Belgium’s notorious serial paedophile killer Marc Dutroux asked a special court for early release Monday after serving 16 years of a life sentence for the kidnap, rape and gruesome murder of several young girls.

The 56-year-old, the country’s most reviled criminal, was escorted under heavy surveillance from a high-security prison to the central Brussels courthouse as a helicopter hovered overhead and 125 officers stood guard over the court building.

Weeks before he can formally lodge a request for early release — on April 30 — Dutroux at a closed-door hearing that lasted almost two hours asked to be placed under house arrest with an electronic tag.

“We agreed to make no statement” until the court hands down a decision on February 18, his lawyer Pierre Deutsch said at the end of the hearing.

“I’m not really worried that he’ll be released,” Luk Delbrouck, a lawyer for one of the convicted killer’s victims, Eefje Lambrecks, told journalists after the hearing.

Lambrecks, whose brother attended the hearing, was 19 when she disappeared in the port of Ostend in 1995. Her body was found almost a year later along with that of a 17-year-old.

Deutsch had said his client, who was slipped into the court unseen through a back door, would ask for early release on the grounds that he could find “a job, or at least an income, accommodation, and show why the risk of recidivism should as far as possible be discounted”.

Coming months after his former wife and accomplice won parole to go live in a convent, the request has horrified Belgians and revived demands for a rewrite of the country’s legislation on parole. Parliament is currently examining a proposal to tighten conditions for winning parole.

A handful of protesters outside the courthouse demanded a hanging for Dutroux, “the rope for paedophiles”.

The former electrician was jailed for life in June 2004 for the kidnap and rape between June 1995 and August 1996 of six young and teenaged girls, four of whom died.
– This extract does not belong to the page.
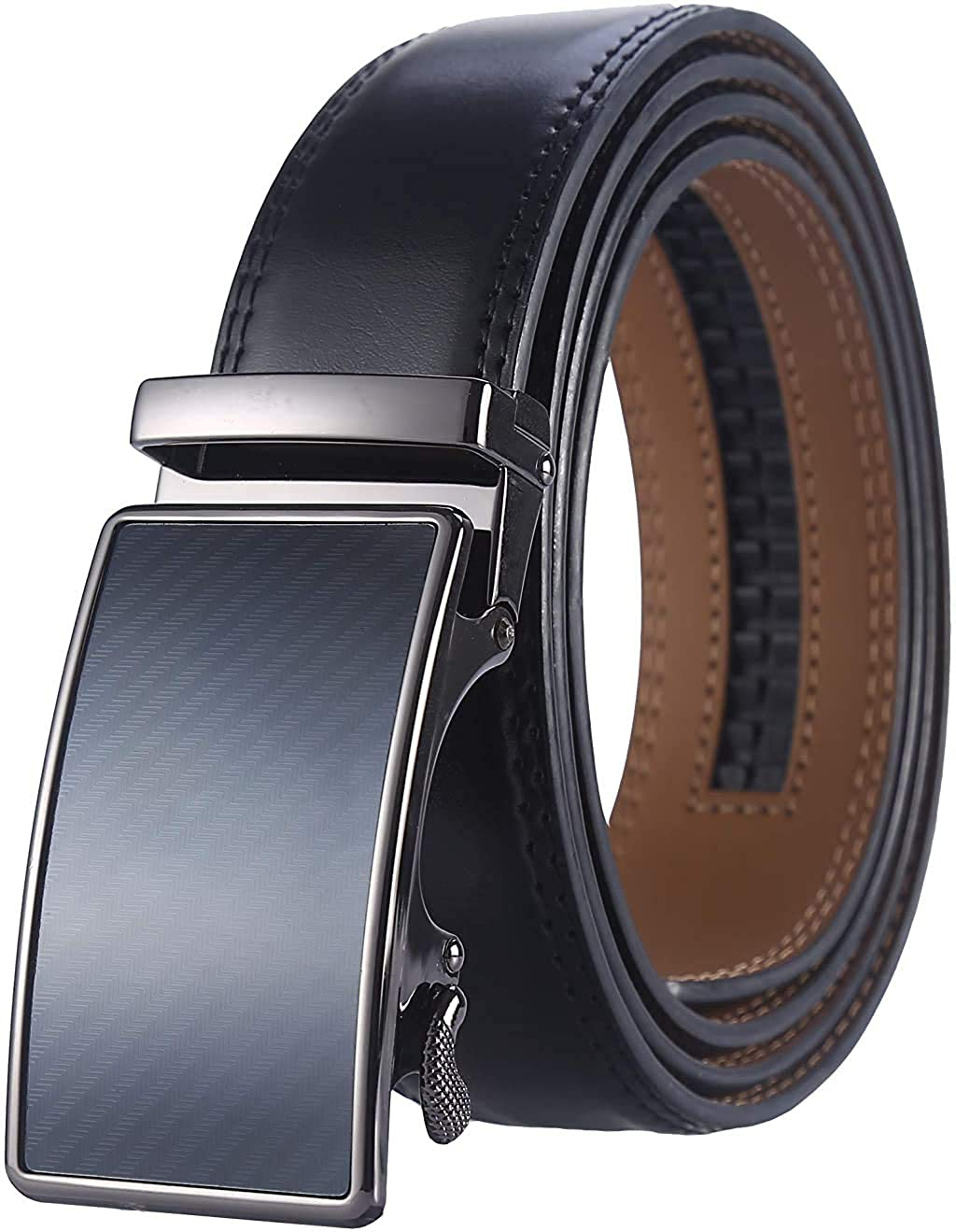 Lavemi Men'S Real Leather Ratchet Dress Belt with Automatic Buckle,Elegant Gift Box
With both the prison and judicial administration having said the chances of a relapse for Dutroux are too great to agree to an early release, he has little hope of winning the appeal.

His release would be a bombshell in Belgium, still traumatised by the worst criminal case in the history of the kingdom, and one of the first in Europe to put paedophilia squarely in the public eye.

The release in August of Michelle Martin, his ex-wife and accomplice, caused an outcry.

The 52-year-old mother of three of the jailed killer’s children, a former schoolteacher, was granted release on parole in May after serving barely half of a 30-year sentence.

Martin, who like many of his other women met him at an ice rink, was found guilty of helping Dutroux hold his victims prisoner, and of complicity in the deaths of two eight-year-olds, found starved to death in a locked cellar.

Dutroux, an unemployed electrician allegedly surviving on drug-dealing and stolen cars, was arrested in August 1996 after a 14-year-old went missing. She was found alive two days later along with a girl of 12, cowering in the basement of one of his homes.

The case then took a gruesome turn when the bodies of the two eight-year-olds were found buried in the garden of his main residence.

Less than a month later, the bodies of two more girls were found in another property owned by Dutroux.

Public shock turned to fury when it emerged not only that police had missed a string of clues, but that Dutroux had been released from jail in 1992 after serving just three years of a 13-year sentence for the abduction and rape of five girls.

Martin, a quiet woman who consistently pleaded submissiveness to Dutroux, admitted to having locked the door to the cellar where he held the girls captive. She was supposed to have fed them when Dutroux was away but told the court she was too afraid.